There’s no doubt about it, the street art scene in Glasgow is magical beyond belief. These massive murals are thanks to the encouragement of Glasgow’s people and can be spotted embellishing the city’s many buildings. Street artists like Rogue One, Smug and Klingatron add a smile to the city with masterpieces like The World’s Most Economical Taxi, a taxi drifting off into the sky by a handful of balloons, or Honey, I Shrunk The Kids, a gargantuan girl with a magnifying glass looking to pick up people from the street, and The Charing Croc, a meticulously crafted crocodile smiling knowingly. Those interested in marveling at every minute yet wondrous detail can embark on a mural tour.

St Mungo | © S. Alexander Gilmour/Flickr

It’s the UK’s curry capital and home to the Shish Mahal

Unbeknownst to many, good old Glasgow is the UK’s unofficial ‘Curry Capital’. All you have to do is embark on a wee wander to catch a whiff of the enticing aromas of Indian cuisine. Although the city is inundated with copious Indian eateries, many of which are a fusion of Irani and Indian dishes, there’s none quite like the Shish Mahal. A culinary institution, the founder and curry kingpin Mr Ali is accredited for inventing the dish we so love and adore, chicken tikka masala.

Chicken Tikka Masala | © gogatsby/Flickr

This city is a Mackintosh playground

The prolific and multifaceted architect, designer, artist and water colourist Charles Rennie Mackintosh is Glasgow’s true pride and joy. His presence is everywhere, and his personality whispers across every edifice, piece of furniture, and sketch. From House for an Art Lover to The Glasgow School Of Art, Mackintosh House, and The Lighthouse, there’s a Mackintosh masterpiece around every corner. For those eager to soak up his distinctive style and signature flair, a Mackintosh tour of the city is available.

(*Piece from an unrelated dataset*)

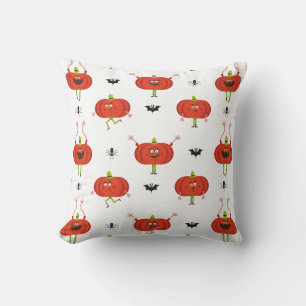 Coussin Citrouilles d'halloween mignonnes, araignée et mot
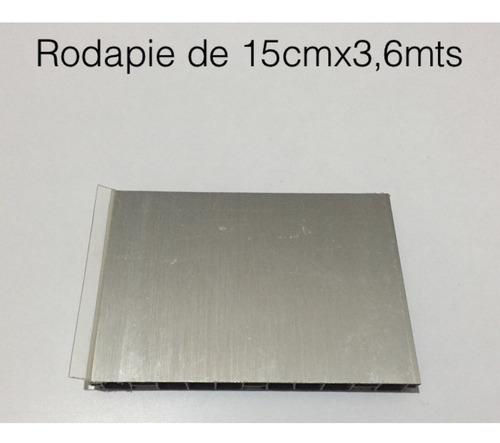 Rodapie De Aluminio Liso De 15cm X 3,6mts Para Cocinas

Mackintosh House | Courtesy Of Glasgow Life

Glasgow has an enviable shopping scene

Whether a staunch trend abider or counter-cultural aficionado, there’s a shop for everyone in Glasgow. Famed for holding the key to the best shopping in the UK outside of London, Glaswegians are spoiled for choice with the Style Mile — the city centre’s square mile overrun with shops. Buchanan Galleries, St Enoch Centre and Princes Square are tailored for those who like a good mall and clothes at their fingertips, whereas the ‘Golden Z’ is where the retail party resides. Glasgow also has a stellar selection of vintage shops such as Starry Starry Night and Mr Ben Retro Clothing.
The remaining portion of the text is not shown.